What caused the Great Depression? Many children ask this question to their grandparents when they hear them recall their experiences during that decade. The Great Depression resulted from all of the borrowing by the banks in the “Roaring Twenties”. “The 1920s ‘boom’ enriched only a fraction of the American people. Earnings for farmers and industrial workers stagnated or fell” (“The Great Depression…”). This was due to lower production costs to run companies. The effect of this was that middle class Americans had to cut down on the products they bought during the late 1920s. Economists during this time period truly believed the stock market could not go down. They believed America had not hit its peak financially and the market would continue to climb. Even though the government warned investors and banks on the dangers of buying on margin, it still became very popular.
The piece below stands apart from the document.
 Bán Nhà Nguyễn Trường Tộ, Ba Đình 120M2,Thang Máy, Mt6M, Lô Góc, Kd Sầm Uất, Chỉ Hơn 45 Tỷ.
According to the article, “The Stock Market Crash of 1929,” B. Taylor defined margin buying by saying: Margins were generally around 50% at the time--that is, a lay investor could give his broker only 50% of the value of the stocks he wanted to purchase and the broker would put up the rest of the money. The investor would then pay interest on the loan that the broker gave him--the 50% value of the stocks. If the stocks increased in value then the investor got to keep all of the profit. When he sold he would pay off his debt to the broker. If the value of the stocks were to decrease below 50% (or some set level) of the price that they were bought at, there would be a “broker's call” where the investor would have to give more money to the broker or sell the stock and pay off his debt. Basically when buying on margin, the stock is used as collateral. When the stock loses money and falls below the margin, money is still owed to the broker. Once well-known economists warned that this “Bull Market” or rise in stocks was on the verge of ending and sold their shares back into the stock market, investors grew weary. This caused a week long collapse in the stock market, due to other investors following suit. Stock prices fell and fell, lowering the prices per share below the margin. As a result, bankers started calling investors, asking for their money back. Investors had to sell everything to pay back their debts, and many could not pay them back at all. Thousands of banks failed as a result. Businesses closed, as they were unable to get credit (“The Great Depression…”). By 1932 with the country in economic shambles, something had to change to attempt to battle the growing panic and poverty in the nation.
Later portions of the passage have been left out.